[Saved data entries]
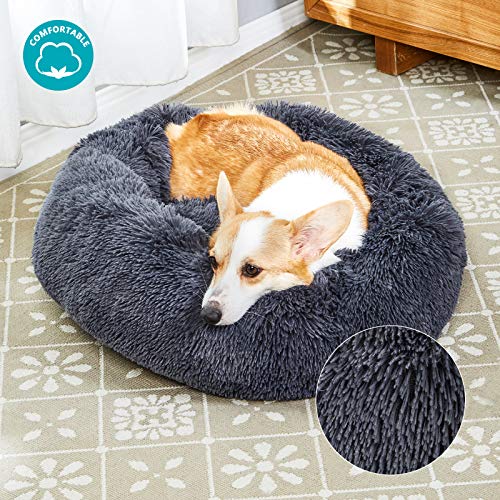 Toozey Cama para Perros Gatos Lavable, Cama Redonda Felpa para Perros Antiestres, Cojín para Perrito Pequeños Medianos Grandes Perros y Gatos, Suelo Antideslizante, Extraíble, Gris, Ø 70CM - XL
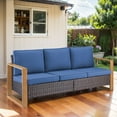 thumbnail image 2 of PARKWELL Outdoor 3-Seat Patio Sofa Furniture,Weather Resistant Wicker Couch with Deep Seat Anti-Slip Cushion,Navy, 2 of 10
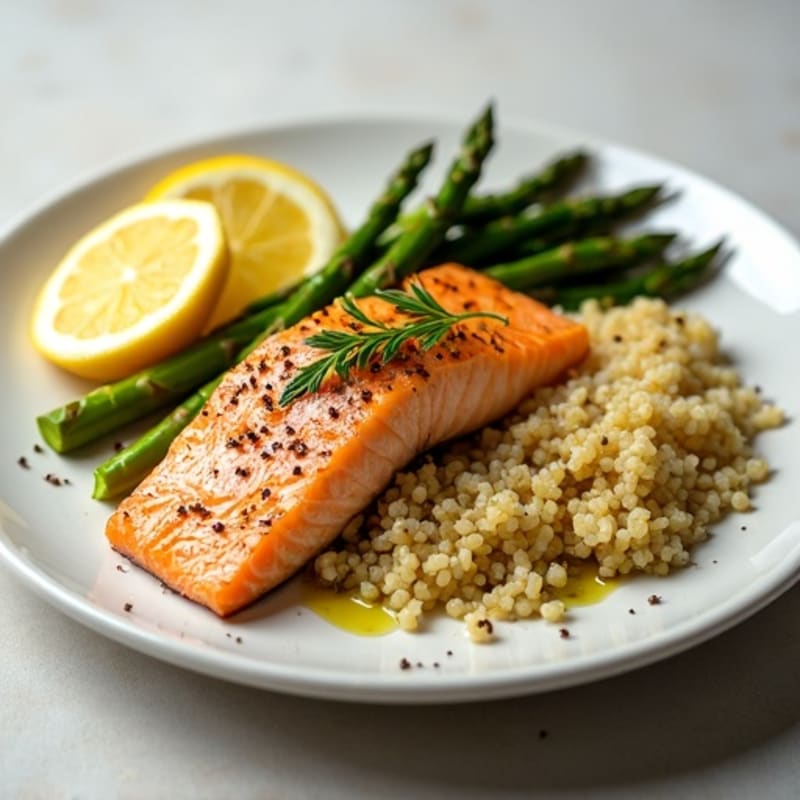 Lemon Garlic Roasted Salmon with Asparagus and Quinoa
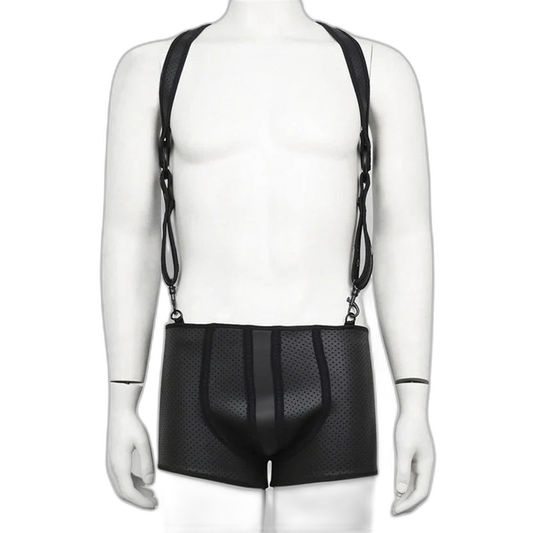Neoprene Backless Fetishwear Suspenders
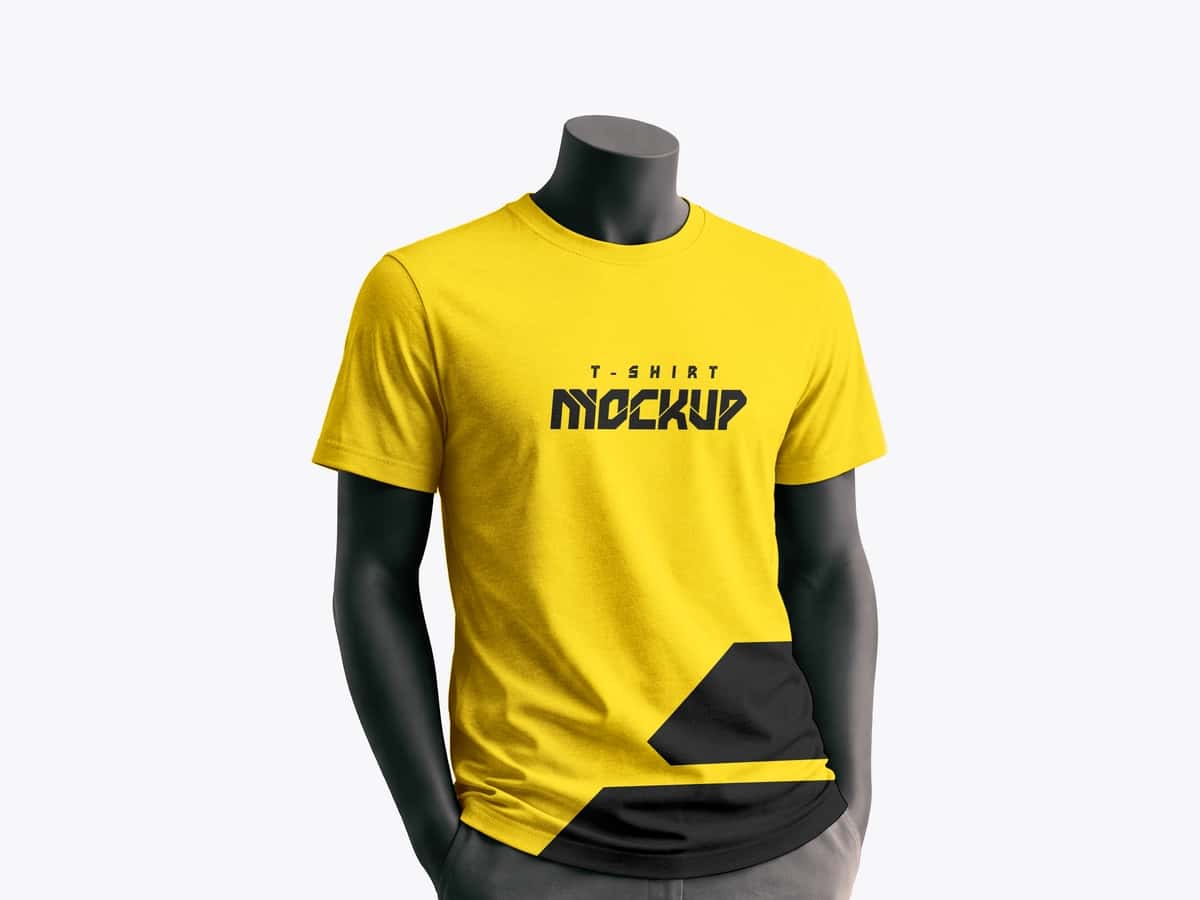 Sariq futbolka maketi qora maneken | Yellow t shirt mockup black mannequin 1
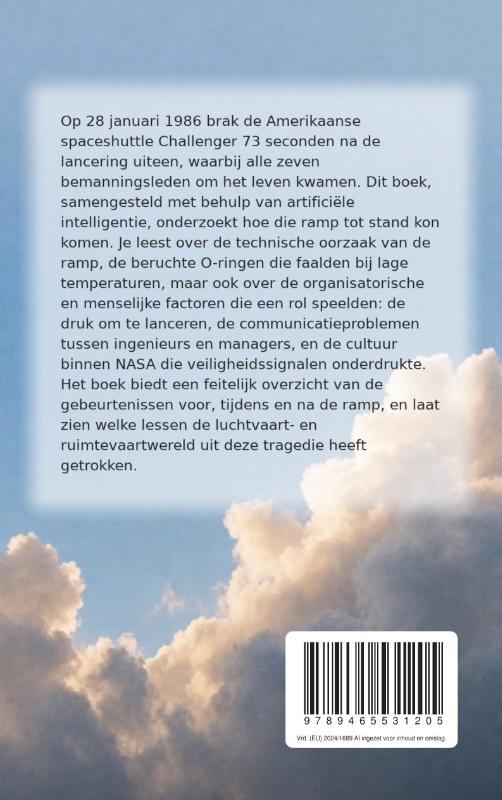 Achterkant van De ramp met de spaceshuttle Challenger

## Required work
Repeat the lines exactly as they stand, from the opening line of the data through the line with "Neoprene Backless Fetishwear Suspenders". Pictures stay out of the copy.

## Output of the exercise
 Toozey Cama para Perros Gatos Lavable, Cama Redonda Felpa para Perros Antiestres, Cojín para Perrito Pequeños Medianos Grandes Perros y Gatos, Suelo Antideslizante, Extraíble, Gris, Ø 70CM - XL
 thumbnail image 2 of PARKWELL Outdoor 3-Seat Patio Sofa Furniture,Weather Resistant Wicker Couch with Deep Seat Anti-Slip Cushion,Navy, 2 of 10
 Lemon Garlic Roasted Salmon with Asparagus and Quinoa
Neoprene Backless Fetishwear Suspenders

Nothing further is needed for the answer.